▶ [WORK TO BE COMPLETED]
In the data that follows, find each line containing "Building" and copy it.

|---|

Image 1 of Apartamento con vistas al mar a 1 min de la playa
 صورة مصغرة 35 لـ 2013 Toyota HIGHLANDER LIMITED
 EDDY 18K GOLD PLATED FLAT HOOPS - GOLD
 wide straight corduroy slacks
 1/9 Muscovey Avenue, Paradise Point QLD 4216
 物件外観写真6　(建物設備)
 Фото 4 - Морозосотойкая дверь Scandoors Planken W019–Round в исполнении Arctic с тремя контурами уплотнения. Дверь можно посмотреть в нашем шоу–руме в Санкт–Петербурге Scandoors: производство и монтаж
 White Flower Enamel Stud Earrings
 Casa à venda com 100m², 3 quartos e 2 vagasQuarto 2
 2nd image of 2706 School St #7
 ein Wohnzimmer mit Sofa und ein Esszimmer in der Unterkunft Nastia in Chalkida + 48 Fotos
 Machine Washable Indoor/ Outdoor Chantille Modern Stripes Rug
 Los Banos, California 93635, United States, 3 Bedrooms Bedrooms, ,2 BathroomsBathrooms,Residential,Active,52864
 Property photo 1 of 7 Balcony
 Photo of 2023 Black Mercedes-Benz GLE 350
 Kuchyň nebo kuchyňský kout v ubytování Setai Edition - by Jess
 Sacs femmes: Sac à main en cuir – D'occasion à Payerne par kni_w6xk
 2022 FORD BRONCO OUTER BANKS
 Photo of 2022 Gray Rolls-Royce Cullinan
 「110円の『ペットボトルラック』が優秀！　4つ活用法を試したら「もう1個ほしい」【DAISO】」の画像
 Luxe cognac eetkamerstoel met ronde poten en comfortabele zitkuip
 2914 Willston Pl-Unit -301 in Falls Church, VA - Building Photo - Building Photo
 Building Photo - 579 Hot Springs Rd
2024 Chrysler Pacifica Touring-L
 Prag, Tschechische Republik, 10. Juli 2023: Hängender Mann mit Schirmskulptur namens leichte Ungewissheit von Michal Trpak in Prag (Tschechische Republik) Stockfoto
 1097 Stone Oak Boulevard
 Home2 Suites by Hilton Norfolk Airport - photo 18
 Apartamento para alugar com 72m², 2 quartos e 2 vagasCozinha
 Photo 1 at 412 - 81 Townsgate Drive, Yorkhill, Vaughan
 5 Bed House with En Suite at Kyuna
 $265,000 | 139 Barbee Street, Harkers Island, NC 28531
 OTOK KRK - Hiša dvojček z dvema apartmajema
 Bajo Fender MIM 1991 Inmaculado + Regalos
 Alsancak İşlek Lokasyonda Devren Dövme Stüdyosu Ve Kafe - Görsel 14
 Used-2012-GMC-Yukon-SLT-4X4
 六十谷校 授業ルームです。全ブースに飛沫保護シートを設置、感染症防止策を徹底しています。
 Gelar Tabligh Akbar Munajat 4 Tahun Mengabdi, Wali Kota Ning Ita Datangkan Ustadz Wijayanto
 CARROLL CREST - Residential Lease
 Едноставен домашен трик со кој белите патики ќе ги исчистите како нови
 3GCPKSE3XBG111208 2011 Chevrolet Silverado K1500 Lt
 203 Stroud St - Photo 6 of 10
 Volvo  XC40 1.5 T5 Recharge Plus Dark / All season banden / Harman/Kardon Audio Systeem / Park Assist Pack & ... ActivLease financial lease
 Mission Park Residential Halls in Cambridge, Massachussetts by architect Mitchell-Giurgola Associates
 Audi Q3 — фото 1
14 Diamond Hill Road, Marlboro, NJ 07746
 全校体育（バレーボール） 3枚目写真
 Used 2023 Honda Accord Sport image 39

|---|

▶ [THE COMPLETED TASK]
 2914 Willston Pl-Unit -301 in Falls Church, VA - Building Photo - Building Photo
 Building Photo - 579 Hot Springs Rd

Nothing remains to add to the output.